Wednesday, March 13, 2013

Sistine Chapel smoke: a chemistry lesson from the Vatican

Periodic table a bit wonky, but pope's men strive to explain how smoke, signalling progress on pontiff vote, gets its colour

As the Sistine Chapel chimney spewed out clouds of very black smoke on Tuesday night, Federico Lombardi, the Vatican's spokesman, received a phone call from a journalist.

How had the cardinal electors managed to get the smoke quite that black, the reporter wanted to know, when in previous conclaves it had often been a confusing shade of grey?

Chemistry, Lombardi joked, was not his strong point. But valiantly, on Wednesday, the Jesuit priest nonetheless embarked on a detailed description of smoke-making at the Sistine Chapel's two stoves.

It was not easy. Lombardi, deftly able to navigate the obscurest of Vatican minutiae, showed signs of acute unease when it came to the periodic table.

His English-speaking assistant, Fr Tom Rosica, experienced even greater difficulty when it came to translating the names of the various chemicals from Italian to English – though, as he said, he had only been presented with them minutes before.

Apologetically, he explained: "I don't study this stuff; I study the bible."

The system they were outlining was not straightforward. There are two stoves in the Sistine Chapel, one that has been used in conclaves since 1939, and one, introduced in 2005, which has an electronic smoke-producing device in it.

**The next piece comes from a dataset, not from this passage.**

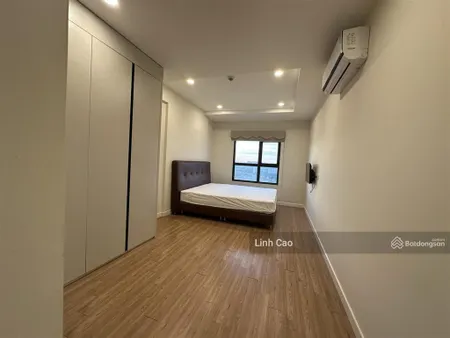 Bán căn hộ 4pn tầng cao tòa novo chung cư kosmo tây hồ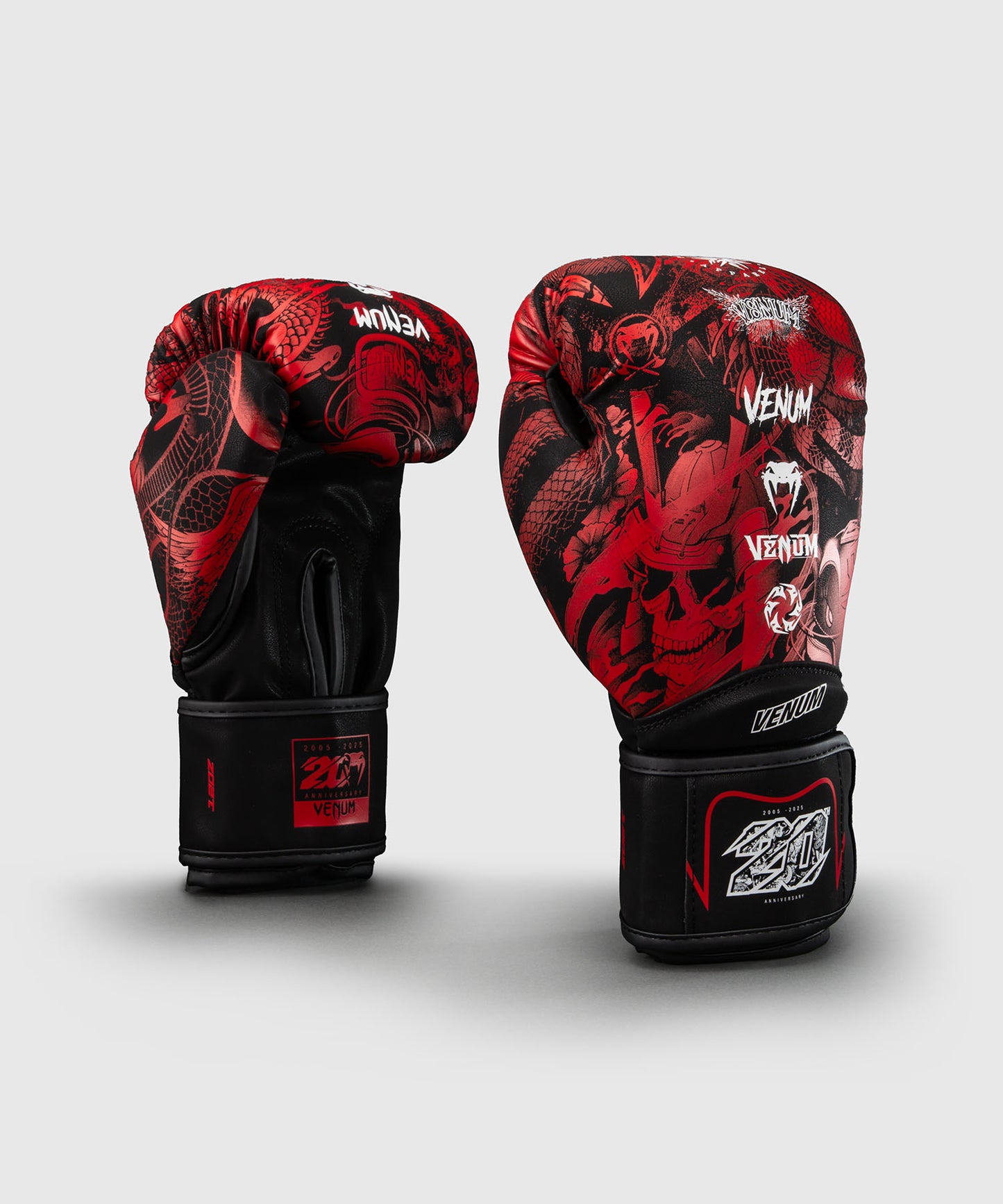 Venum 20th Anniversary Boxing Gloves - Black/Red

The ballot papers are burned in the first, while the device in the second activates a cartridge holding five lots of chemical mixture that are loaded gradually over the course of seven minutes. This is designed to make the smoke either clearly black or clearly white.

For the black smoke the mixture is potassium perchlorate, anthracene and sulphur, the Vatican confirmed. For the white version it is potassium chlorate, lactose and a pine resin known as Greek pitch. The two stoves join in one pipe that connects them to the chimney.

At the end of his explanation Lombardi received a round of applause from the press corps.

"It used to be that a theology qualification was useful to cover the Vatican," tweeted Michael Kelly, editor of the publication The Irish Catholic. "Now I'm wishing I did chemistry."